Et aujourd’hui, d’un coup, cet arrêt foudroyant, cet explosion ! Mais comment se pouvait-il ? La crudité des faits ne parvenait pas encore à dissocier les sentiments qu’elle avait pour son mari : sentiments qui n’étaient pas de simple et solide affection, mais l’amour le plus fort et que son cœur lui disait partagé.

Quelques légères dissimulations peut-être, oui, sous cette tumultueuse exubérance ; mais le mensonge, non, le mensonge ne pouvait trouver place dans sa gaieté constante. Qu’il eût une intrigue avec Angelica Nori, cela ne voulait pas dire qu’il l’avait trahie, elle, sa femme ; mais cela, sa mère ne pouvait le comprendre, elle ignorait tant de choses... Non, il ne pouvait avoir menti avec ces lèvres, ces yeux, ce rire qui réjouissait tous les jours la maison. Angelica Nori ? Elle savait bien ce qu’elle était, même pour son mari : pas même un caprice : rien, rien ! simplement la preuve d’une de ces faiblesses que les hommes ne savent ou peut-être ne peuvent pas éviter... Mais dans quel abîme était-il tombé, entraînant son foyer, sa femme, ses enfants dans sa chute ?

– Mes enfants, mes enfants ! s’écria-t-elle enfin.

Elle sanglotait, les mains sur le visage, comme pour ne plus voir le gouffre qui s’ouvrait devant elle.

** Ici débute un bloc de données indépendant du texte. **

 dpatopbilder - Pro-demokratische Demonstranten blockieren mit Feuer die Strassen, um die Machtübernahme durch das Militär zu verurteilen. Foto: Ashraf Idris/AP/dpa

– Emmène-les avec toi, ajouta-t-elle, en se tournant vers sa mère. Qu’ils s’en aillent, qu’ils ne voient pas... Mais moi, non, maman, je reste. Je t’en prie...

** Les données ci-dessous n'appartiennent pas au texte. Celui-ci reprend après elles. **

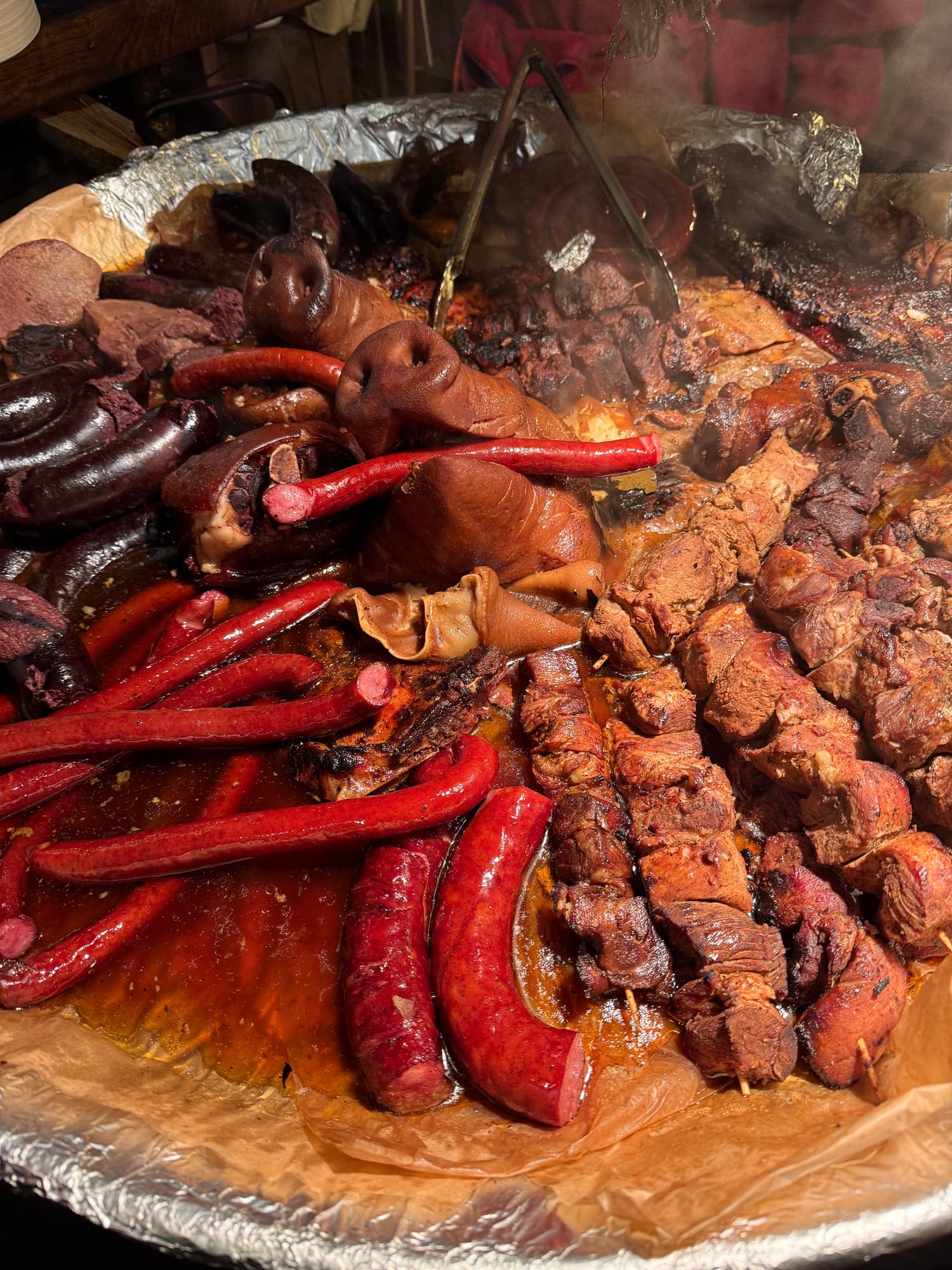 A platter of Latvian grilled meats, sausages and black pudding at the Christmas market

Elle se leva, et s’efforçant de contenir ses larmes, elle alla, suivie par sa mère, chercher les enfants qui jouaient ensemble dans un petit cabinet où la bonne les avait enfermés. Elle commença à les habiller en étouffant les sanglots qui la secouaient à chacune des joyeuses interrogations puériles :

– Avec grand-mère, oui... Promener avec grand-mère... Le petit cheval, oui... Le sabre aussi... grand-mère te les achètera.

Le mère contemplait, le cœur déchiré, sa fille bien aimée, son enfant adorée, si bonne, si belle, pour qui tout était fini désormais, et dans sa haine féroce contre celui qui faisait souffrir sa fille de la sorte, elle aurait voulu lui arracher des mains le petit garçon, tout le portrait de son père, même voix, mêmes gestes.

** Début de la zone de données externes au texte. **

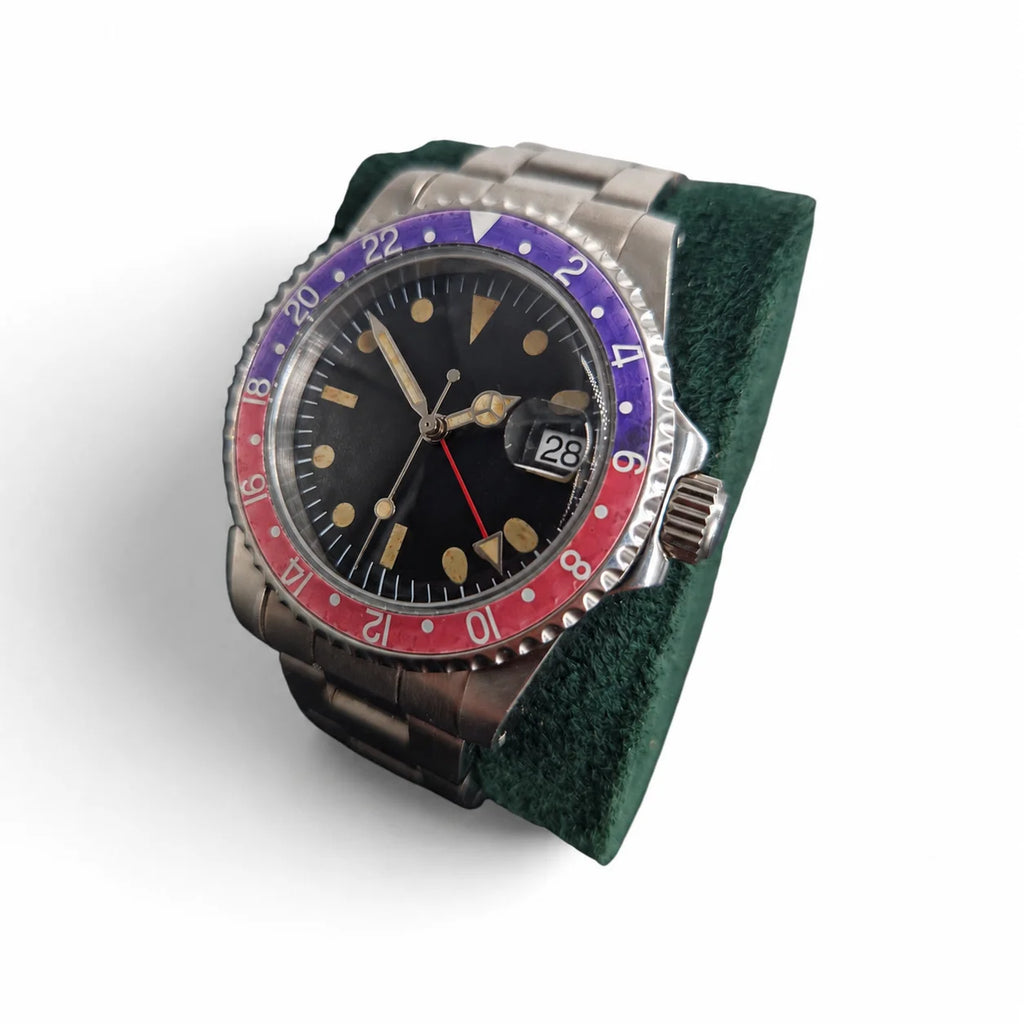 Crown-side view of the vintage red-blue GMT watch showing the date magnifier and aged bezel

– Tu es bien décidée à ne pas me suivre ? demanda-t-elle à sa fille quand les enfants furent prêts. Moi, je ne mettrai plus les pieds ici. Tu vas rester seule... La maison de ta mère t’est toujours ouverte. Tu y viendras demain, sinon aujourd’hui. Même s’il ne meurt pas, il...

– Maman ! supplia Adrienne, en montrant les enfants.

La vieille dame se tut et s’en alla avec ses petits-fils en voyant sortir de la chambre du blessé le docteur Vocalopoulo.

Le docteur s’approcha d’Adrienne pour lui recommander de ne pas déranger son mari pour l’instant.

– Une émotion, même légère, pourrait lui être fatale. Qu’on ne fasse rien qui puisse le contrarier ou l’impressionner. Cette nuit, mon confrère le veillera. Si l’on avait besoin de moi...

Il n’acheva pas, il s’était aperçu qu’elle ne l’écoutait pas et qu’elle ne lui demandait pas de détails sur la blessure. Elle avait son chapeau sur la tête comme si elle s’apprêtait à quitter la maison. Le docteur ferma les yeux à demi, hocha la tête, avec un soupir, et s’en alla.